For the paper the people smugglers are “pure evil” plying a lucrative business without scruples. “This is a globalised crime in a world that is, like it or not, an increasingly globalised place. And , as such, it demands a global response.”

No country can tackle people smuggling alone and searching every vehicle is impractical. “Instead an intelligence- led approach in which law enforcement agencies work together to catch those responsible is vital.”

We should reject the “hate-filled rhetoric of right-wing populists about ‘patriotism’ and building walls, physical or mental, against outsiders,” the paper adds, and promote liberal democracy. “for the most part the refugees are fleeing tyrants... because they want to live in a country like the UK. If Syria was a peaceful democracy, they would not need to.”

The Independent

Jo Wilding, a barrister specialising in immigration, also says the tragedy can come as little surprise. “Priti Patel, the home secretary, claims to be ‘shocked and saddened.’ On the contrary, it was entirely imaginable and predictable,” he says.

In fact, it never stopped happening.
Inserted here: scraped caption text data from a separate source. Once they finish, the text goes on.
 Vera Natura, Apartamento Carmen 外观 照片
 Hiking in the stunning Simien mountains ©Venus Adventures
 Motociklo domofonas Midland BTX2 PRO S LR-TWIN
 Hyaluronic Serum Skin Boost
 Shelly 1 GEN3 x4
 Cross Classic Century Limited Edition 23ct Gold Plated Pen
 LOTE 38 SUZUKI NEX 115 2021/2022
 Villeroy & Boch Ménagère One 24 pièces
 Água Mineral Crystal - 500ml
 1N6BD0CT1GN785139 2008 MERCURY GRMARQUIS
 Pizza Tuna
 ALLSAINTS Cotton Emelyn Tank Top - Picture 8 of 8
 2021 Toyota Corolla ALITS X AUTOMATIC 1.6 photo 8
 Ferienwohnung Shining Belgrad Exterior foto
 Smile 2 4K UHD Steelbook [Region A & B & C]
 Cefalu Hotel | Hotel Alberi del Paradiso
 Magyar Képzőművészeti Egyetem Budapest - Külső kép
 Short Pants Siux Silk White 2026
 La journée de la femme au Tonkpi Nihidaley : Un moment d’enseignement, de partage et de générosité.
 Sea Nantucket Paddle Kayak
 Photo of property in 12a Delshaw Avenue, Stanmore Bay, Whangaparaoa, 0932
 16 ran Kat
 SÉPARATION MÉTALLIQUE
More than 18,000 people died or went missing in the Mediterranean between 2014 and 2018, he says, and two thirds were never found or identified.

“The EU’s desperation to keep migrants out has left it in a helpless position: keep quiet about Turkey’s behaviour towards our erstwhile allies, or to take the consequences of receiving 3.6 million refugees who have been stranded in Turkey,” he adds. “Perhaps we should be preparing for more bodies.”